Re: Accept-Charset support from Klaus Weide on 1996-12-17 (www-international@w3.org from October to December 1996)

From: Klaus Weide <kweide@tezcat.com>
Date: Mon, 16 Dec 1996 23:20:19 -0600 (CST)
To: Larry Masinter <masinter@parc.xerox.com>
cc: www-international@w3.org, http-wg@cuckoo.hpl.hp.com
Message-ID: <Pine.SUN.3.95.961216215418.29478C-100000@huitzilo.tezcat.com>

On Sat, 14 Dec 1996, Larry Masinter wrote:
> 
> I'll ask again: could you demonstrate two equivalent documents that
> you might want to use content negotiation to distinguish between,
> where accept-charset (as an expression of capability) and
> accept-language (as an expression of language) are inadequate to
> distinguish between them?
> 
> If no one has any realistic examples, perhaps the issue is moot?

Currently accept-charset is de facto used as an expression of _two_
capabilities: (1) to decode a character encoding, (2) to be able to
display (or take responsibility for) a certain character repertoire.
The second aspect is not new, is has been around as long as MIME had
a charset parameter.  It will be lost when/if everything moves to UTF-8
(and starts using accept-charset: utf-8 / charset=utf-8).

Example of a site where documents are provided in several charsets
(all for the same language):
see <URL: http://www.fee.vutbr.cz/htbin/codepage>.
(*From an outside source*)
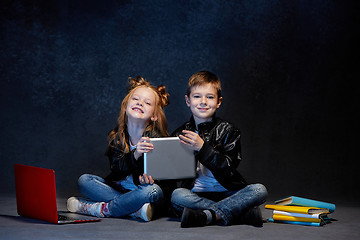 Image showing Studio shot of two children with laptop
It is of course not desirable that a server would have to deal with
such a variety of codepages/charsets, but rather the result of an
unfortunate state of nonstandardization.  Which seems to be a big
problem in that part of the world, and no doubt also in other places,
and it may last for a while.  Anyway you asked for an example where
accept-charset and accept-language together are inadequate to
distinguish between versions a server is willing to provide.
Currently they are adequate for this site; they would not if the site
chose to always use UTF-8 while still supporting the current set of
clients with their varying codepages.

It is certainly much easier to make a Web clients able to decode UTF-8
to locally available character sets, than to upgrade all client
machines so that they have fonts available to display all of the 10646
characters.  I assume the former will be done much sooner, and that
use of UTF-8 should be encouraged before all the fonts (or knowledge
to choose culturally correct replacement representations) are
available to everyone.

  Klaus

Received on Tuesday, 17 December 1996 00:20:28 UTC